Tomo la responsabilidad de lo que he hecho. Claro que no soy tan buena. Nadie es tan tan bueno, ni tan tan malo. Aunque desde niña y hasta hace algunos años esa haya sido mi intención, ser la buena siempre, es imposible. Ese fue el error, intentarlo (o no error, pues tenía que experimentarlo para entenderlo). Pensándolo bien, lo que ya no funcionó fue seguir siendo «la buena» por los problemas que eso me traía a mi. Tal vez funcionaba de niña… pero cuando ya tocaba tomar decisiones importantes, quedaba mal con alguien más (casi siempre conmigo). Si quedaba bien con alguna persona, quedaba mal con otra, claramente. Tomo la responsabilidad de hasta dónde me llevó ese deseo, que por muchos años fue inconsciente, ese deseo de ser vista, de ser aceptada y querida. No podía soportar que alguien siquiera pensara por un momento que yo no era buena. Lo peor (o lo mejor) es que aún así siempre ha habido alguien, y seguirá habiendo algunas personas que así me vean, a pesar de cualquier cosa y por más que no sea mi verdad habrá personas que piensen que tengo la intención de hacer daño; ya he renunciado a comprobar que «no tengo malas intenciones».

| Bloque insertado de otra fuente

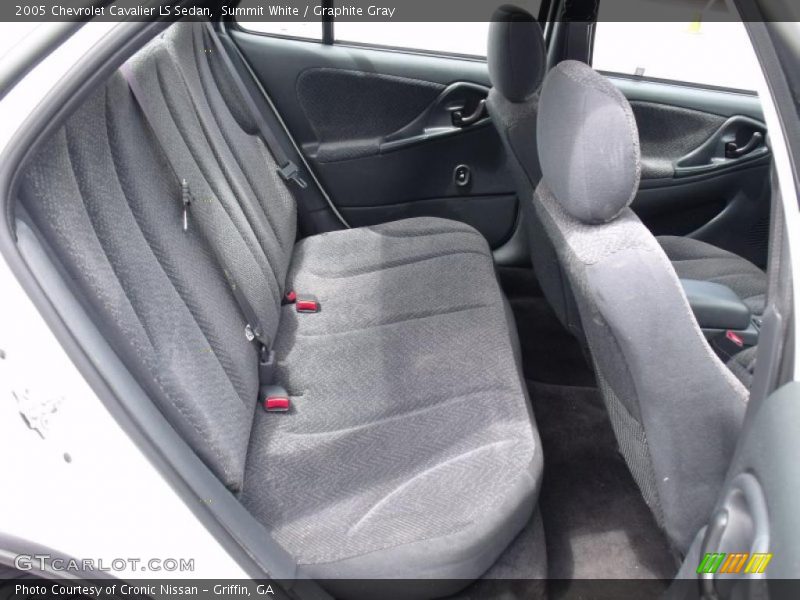 Summit White / Graphite Gray 2005 Chevrolet Cavalier LS Sedan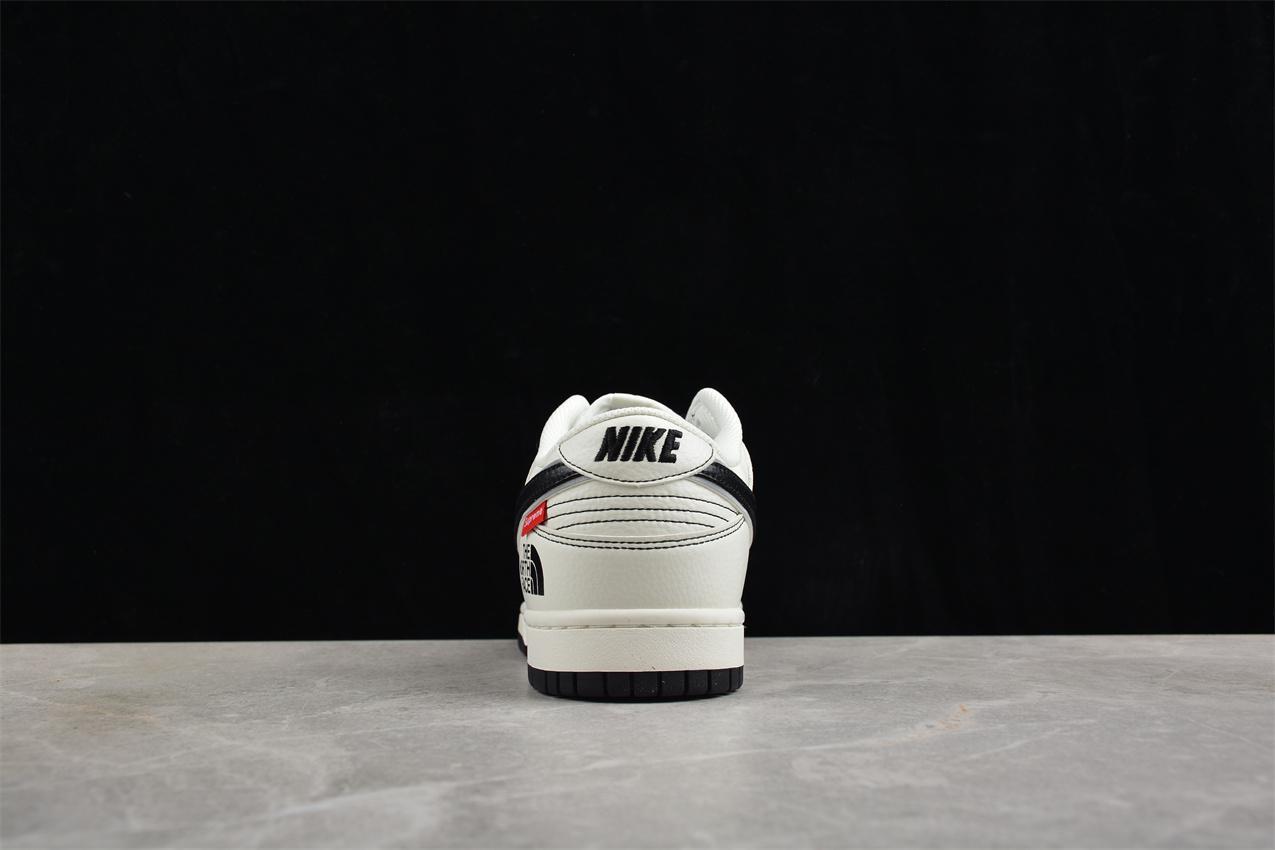 The North Face x Nike SB Dunk Low Supreme "White/Black" фото № 5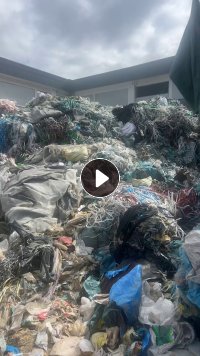 出售打包带毛料，PP和PET混合，从编织袋里挑出来的，部分打包了，现货13米装不完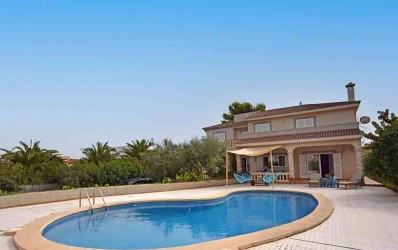 Villa indipendente con piscina a Las Palmeras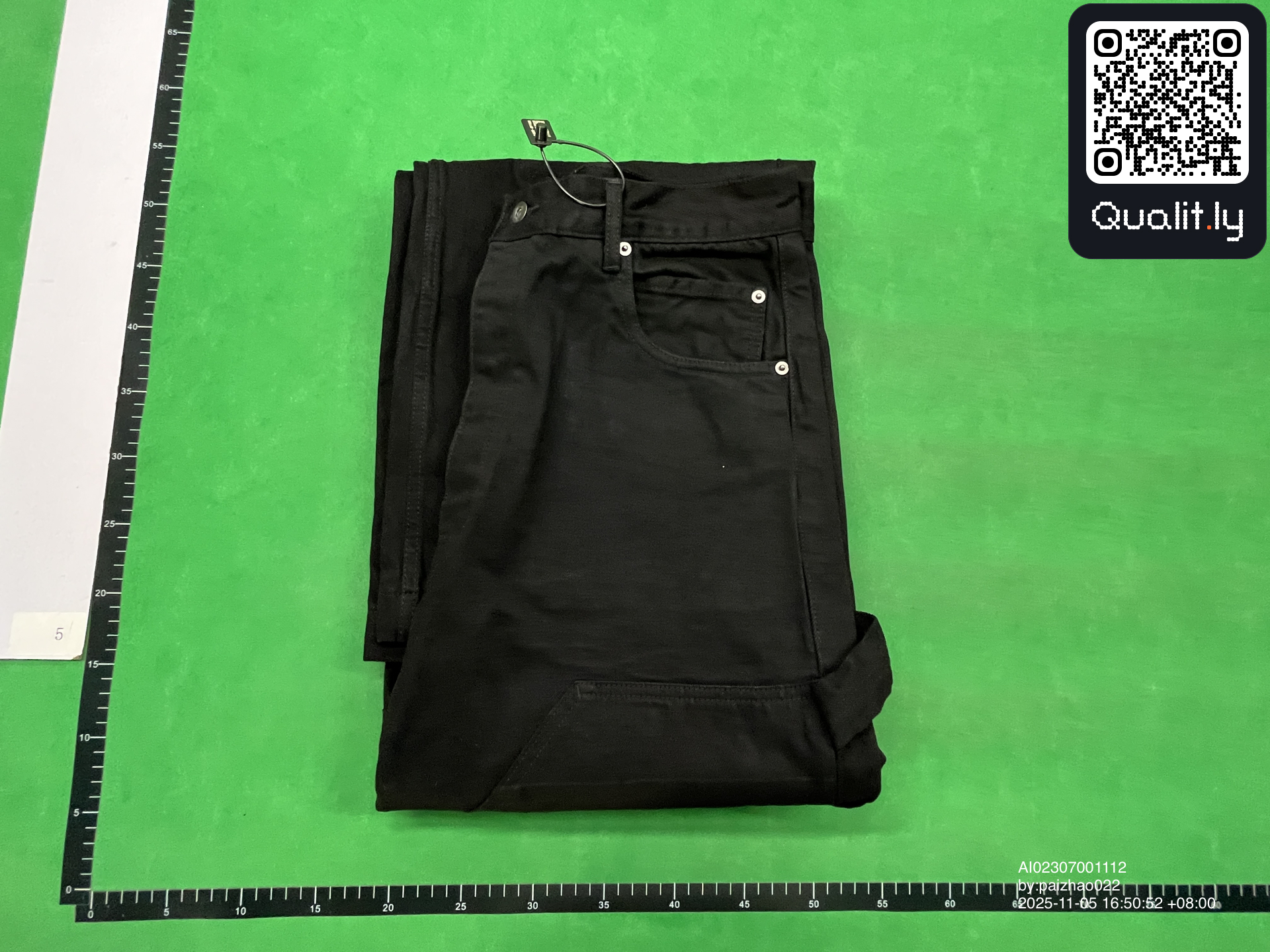 Jeans — QC-foto 1 av 4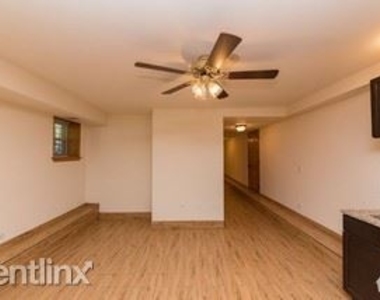 1535 W Addison St 1 - Photo Thumbnail 10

Por otro lado, entiendo que todos tenemos la capacidad de hacer daño, aunque no tengamos ese deseo. Y acepto eso. Quiero decir, lamento haber hecho daño, aunque es inevitable.
Esa fue mi máscara por muchos años, una que ni yo sabía que llevaba, pero que hasta ahora puedo ver lejos de mi rostro (y no siempre). Es una, de algunas, supongo. Y que la pueda ver ahora no significa que ya no pueda ser alguien con esas características que yo asocio a «ser buena», significa que ahora puedo serlo desde un lugar más consciente, sin quedar mal conmigo y buscando un equilibrio en mis relaciones.

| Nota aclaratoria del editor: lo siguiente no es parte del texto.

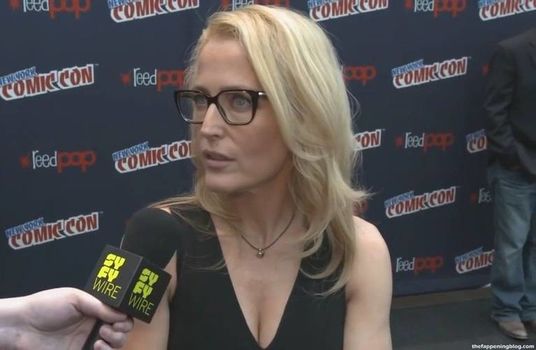 Gillian Anderson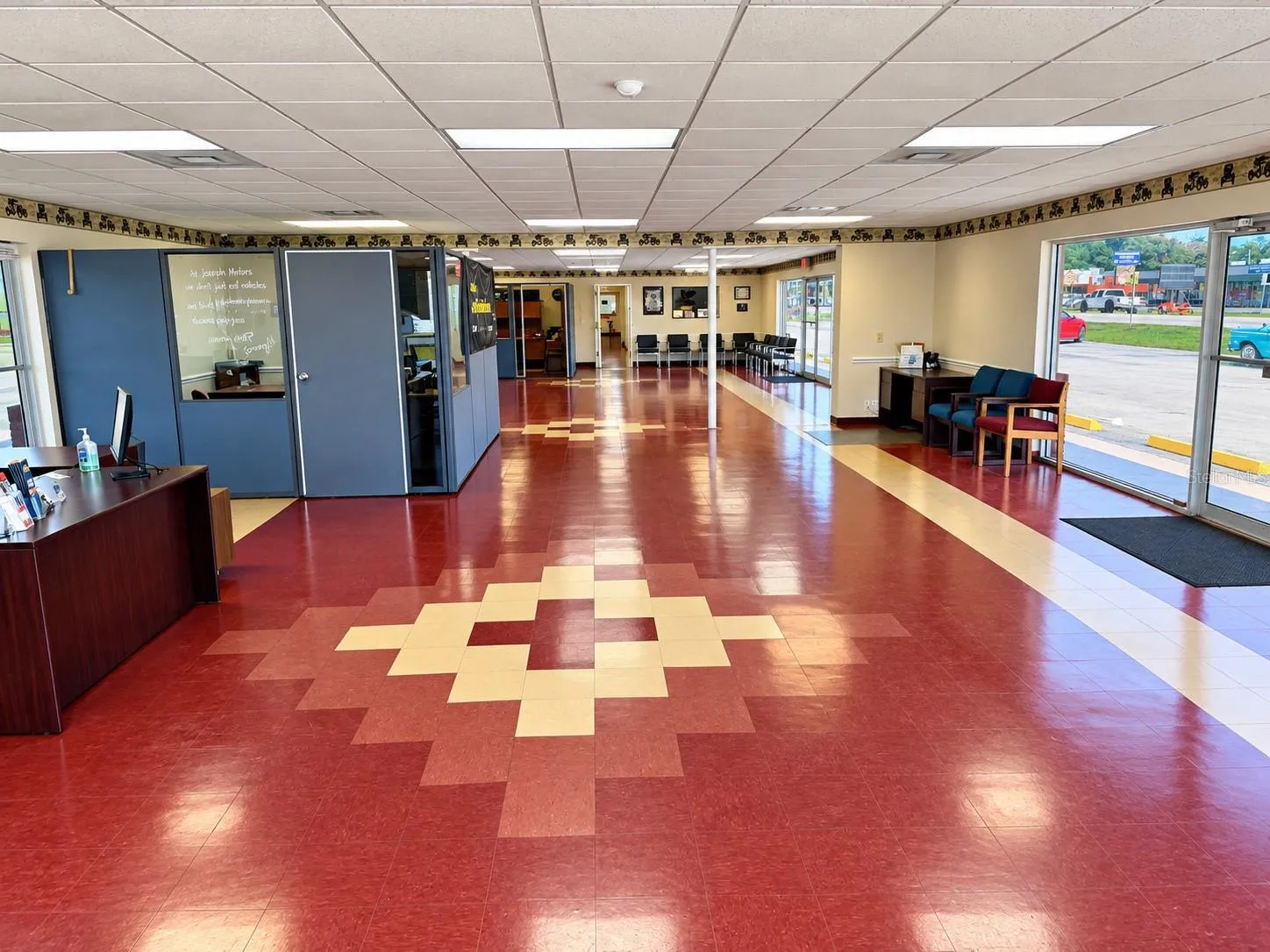 SHOW ROOM/OPEN SPACE/INTERIOR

Todos tenemos máscaras, eso que consideramos nuestra mejor parte, nuestra forma de mostrarnos ante el mundo. Lo que creemos que los demás quieren ver en nosotros. Esos mecanismos de defensa que necesitamos desarrollar en la infancia para sobrevivir y que a veces nos siguen guiando en la adultez.

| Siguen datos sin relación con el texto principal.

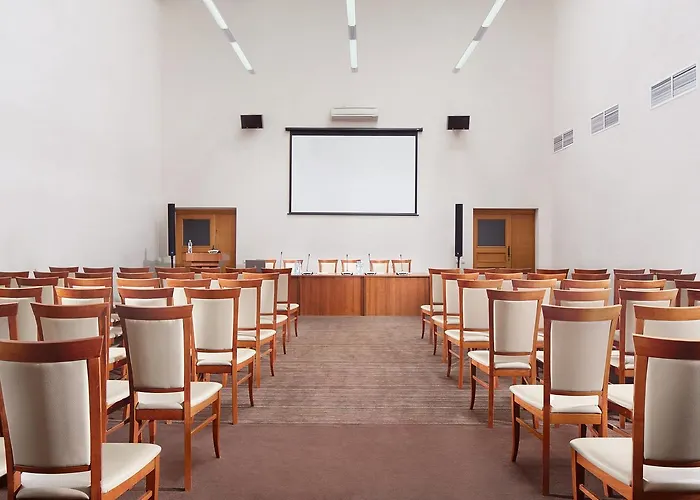 Monastyrski Centre 3*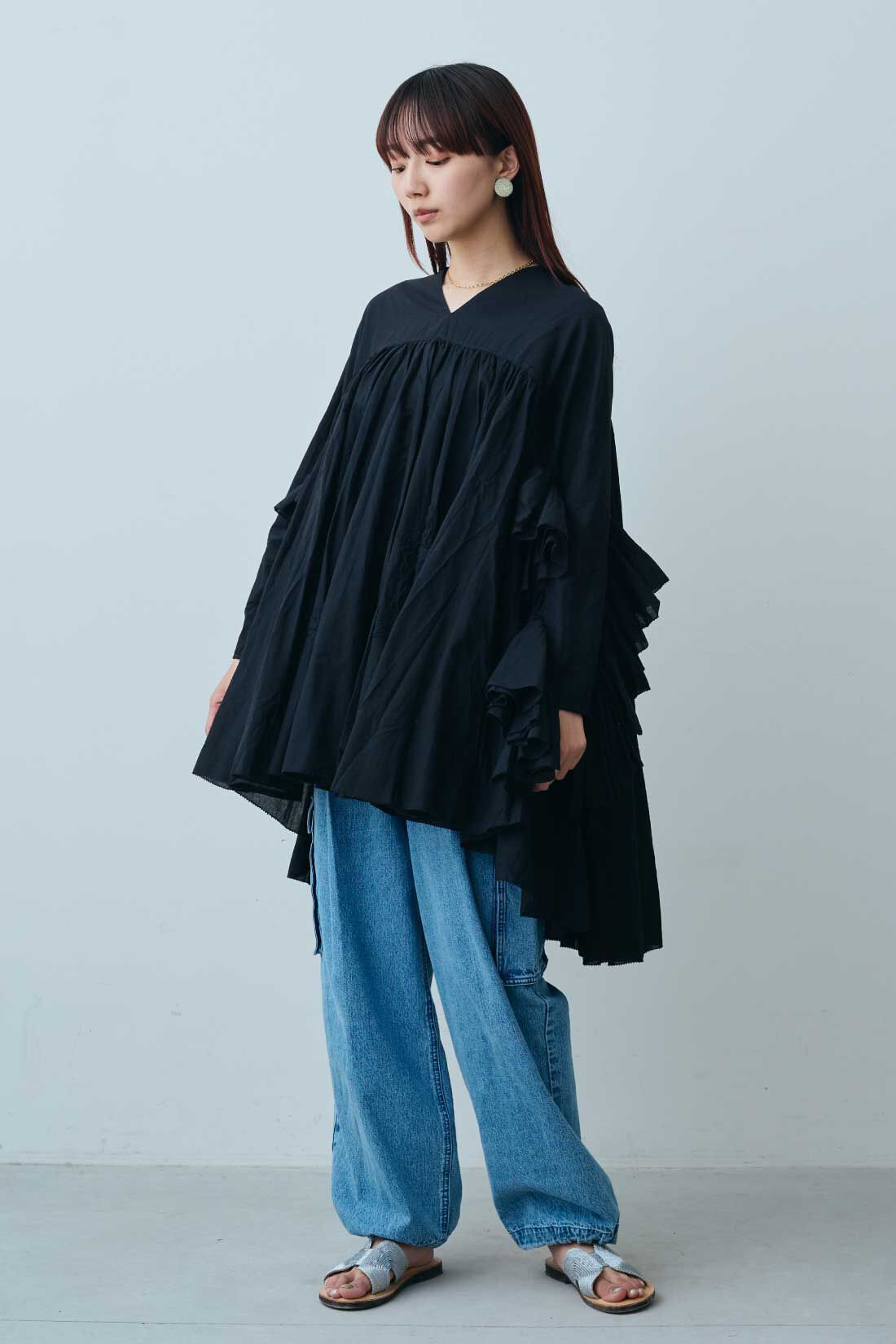 fashion special|【WEB限定・特急便】MEDE19F 〈SELECT〉AAYUSHI　エンブロイダリーギャザーフリルロングテールブラウス|2：ブラック・モデル身長：163cm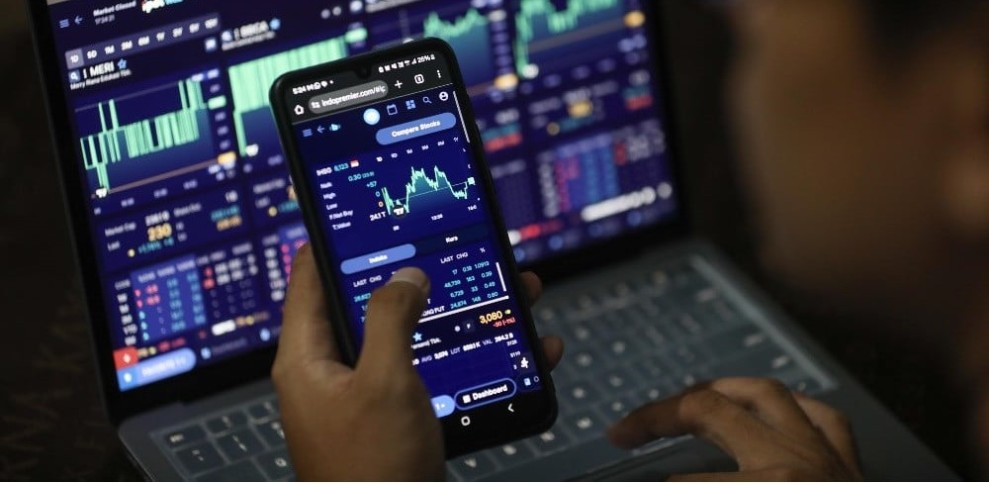 Saham Unggulan dengan Momentum Positif 25 November 2025 Hari Ini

Las máscaras nos ayudan a no mostrar nuestro lado oscuro, lo que consideramos que no va a agradar o que no nos va a facilitar la vida. Y así vamos creciendo detrás de esa careta mientras no la podamos ver como lo que es… una máscara de buena persona para ser aceptada, una máscara de guerrera(o) para no permitir que los demás me vean vulnerable, una máscara de víctima para recibir atención de otros, una máscara de ayudador(a) para ser necesitado(a), una máscara del que puede con todo y no siente nada para no permitirle a los demás hacerme daño, una máscara de falsa alegría para no lidiar con lo profundo que se sienten algunas emociones…
Pero las máscaras nos sirven para algo, hasta que ya no nos sirven. Y es aquí donde empezamos a cuestionarnos qué hemos hecho, quiénes somos y qué queremos ser.